* YOUR OBJECTIVE
The expected result is a verbatim repetition of the lines from the start of the entries through the line containing "Woman wearing protective", with the pictures removed.

* DATASET ENTRIES
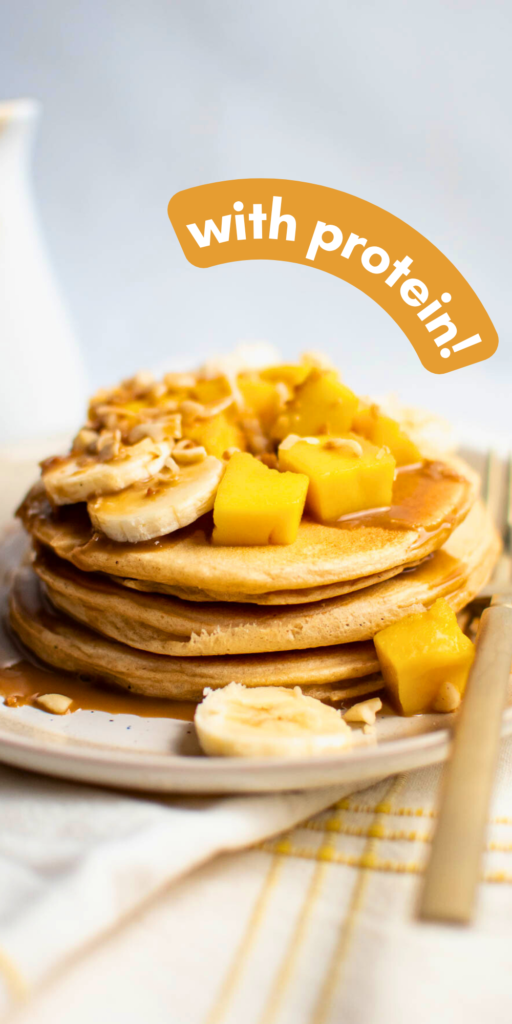 Stack of pancakes with fresh tropical fruit and text that reads "with protein!"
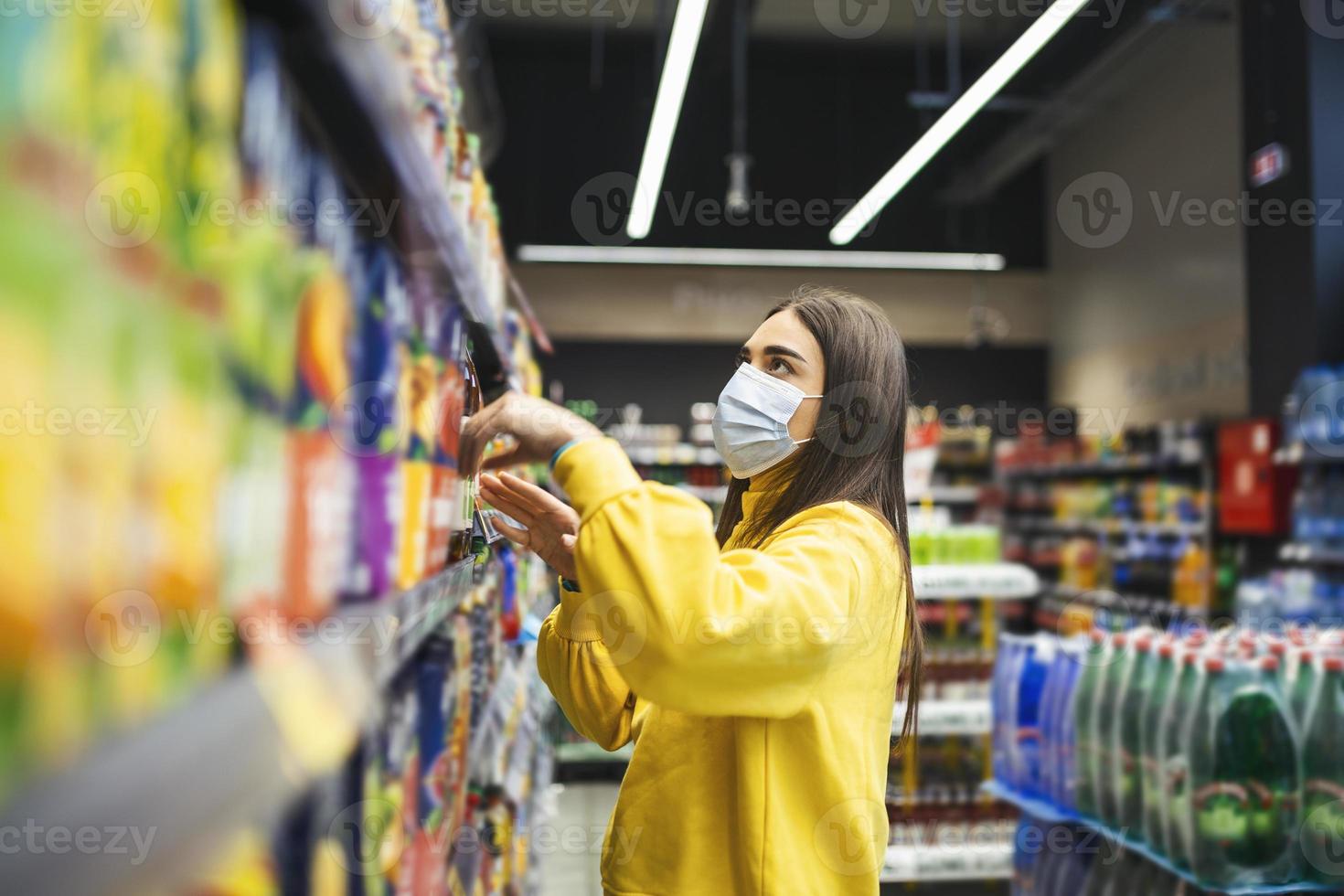 Woman wearing protective mask and buying food in grocery store during virus epidemic. young woman wearing a protective mask and gloves shopping in a time of virus pandemic, buying food supplies photo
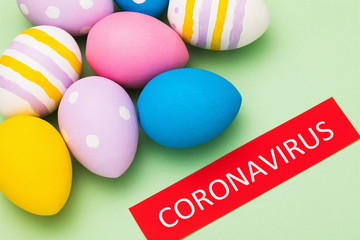 Fototapeta na wymiar A tag with an inscription and Easter eggs, a major plan. The concept of banning festive events in connection with the coronavirus outbreak COVID-19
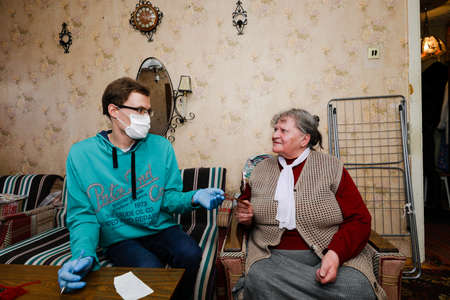 MINSK, BELARUS - February 25, 2020:  social worker volunteer helps old woman coronavirusのeditorial素材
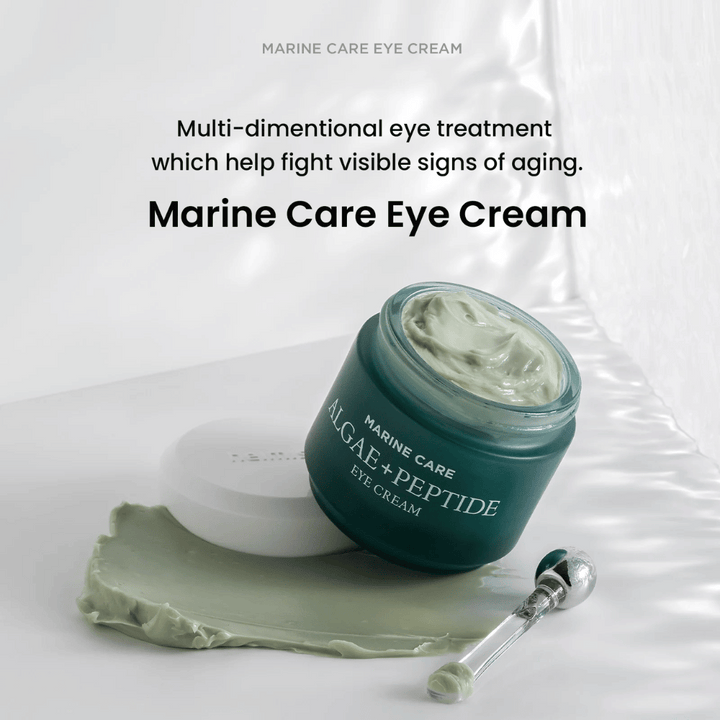 Heimish Marine Care Algae + Peptide Eye Cream dans un pot ouvert avec une crème verdâtre. La crème est étalée à côté du pot et un applicateur est posé à côté. Le produit combat les signes de l'âge et offre une hydratation intense.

* YOUR SOLUTION
 Stack of pancakes with fresh tropical fruit and text that reads "with protein!"
 Woman wearing protective mask and buying food in grocery store during virus epidemic. young woman wearing a protective mask and gloves shopping in a time of virus pandemic, buying food supplies photo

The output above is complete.